Data records ▸
++++++++++

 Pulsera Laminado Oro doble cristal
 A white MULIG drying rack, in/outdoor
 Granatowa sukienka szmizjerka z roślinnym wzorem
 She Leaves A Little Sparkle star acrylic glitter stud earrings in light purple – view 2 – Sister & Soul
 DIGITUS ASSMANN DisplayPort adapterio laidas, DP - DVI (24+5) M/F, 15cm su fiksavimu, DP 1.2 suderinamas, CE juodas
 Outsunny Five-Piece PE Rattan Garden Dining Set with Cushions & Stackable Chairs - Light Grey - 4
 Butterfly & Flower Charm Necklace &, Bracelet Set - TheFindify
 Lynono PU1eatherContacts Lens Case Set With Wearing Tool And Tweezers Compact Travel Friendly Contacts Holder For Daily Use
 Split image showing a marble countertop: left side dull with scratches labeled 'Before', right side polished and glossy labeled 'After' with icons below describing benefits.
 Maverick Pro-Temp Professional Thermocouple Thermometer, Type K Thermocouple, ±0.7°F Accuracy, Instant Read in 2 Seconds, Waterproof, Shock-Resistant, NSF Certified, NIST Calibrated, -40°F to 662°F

++++++++++

Task directions ▸ Quote the listing above, but only from the line that shows "DIGITUS ASSMANN DisplayPort" through the line that shows "Lynono PU1eatherContacts Lens".

Solution for this task ▸
 DIGITUS ASSMANN DisplayPort adapterio laidas, DP - DVI (24+5) M/F, 15cm su fiksavimu, DP 1.2 suderinamas, CE juodas
 Outsunny Five-Piece PE Rattan Garden Dining Set with Cushions & Stackable Chairs - Light Grey - 4
 Butterfly & Flower Charm Necklace &, Bracelet Set - TheFindify
 Lynono PU1eatherContacts Lens Case Set With Wearing Tool And Tweezers Compact Travel Friendly Contacts Holder For Daily Use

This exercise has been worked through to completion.